Threads & Condition Variables
Overview
In this lab you will implement three short concurrency primitives in C
using pthread mutexes and condition variables:
- A cyclic (reusable) barrier.
- A bounded buffer (producer/consumer).
- A simulated byte-pool allocator that demonstrates the “covering conditions” idea from lecture.
Each part is a single C file. The autograder runs hidden stress tests
against your code; any deadlock fails the test by alarm timeout.
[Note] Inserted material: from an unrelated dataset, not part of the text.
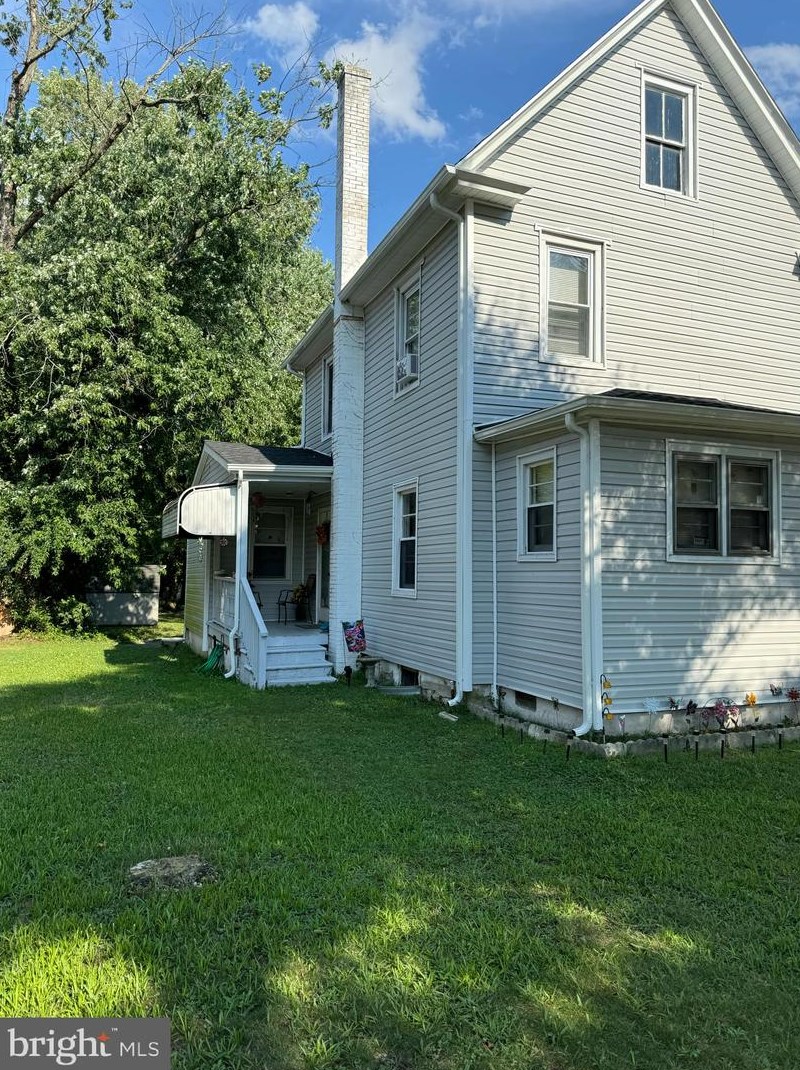 31 Myrtle St, Vineland, NJ 08360-3903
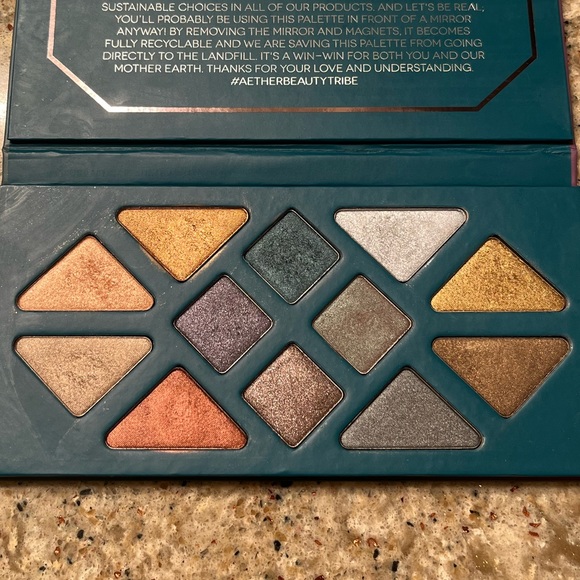 Aether Beauty Crystal Grid Gemstone Palette - Picture 2 of 5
You
can also run ThreadSanitizer locally with make tsan – it’s
the easiest way to find data races in your own code.
Each part is graded on two things: correctness (the bulk of the
points) and propagating errors from pthread_*_init (4 points
per part). pthread_mutex_init and pthread_cond_init can fail with
EAGAIN, ENOMEM, or EINVAL when the system is short on
resources. Each *_init function in this lab is declared to return 0
on success and non-zero on failure – check the return code of every
pthread_*_init call you make and propagate any failure to your
caller.
There is no report and no written questions. You submit a tarball; the autograder does the grading.
Setup
Download the starter tarball with the following code:
cd ~/cs224
wget https://cs224.cs.vassar.edu/labs/cv_lab.tar.gz
tar xzf cv_lab.tar.gz
cd cv_lab
make sanity # builds and runs three smoke tests; should pass
# *only* once you start filling in code
In the starter code, you only edit the three .c files.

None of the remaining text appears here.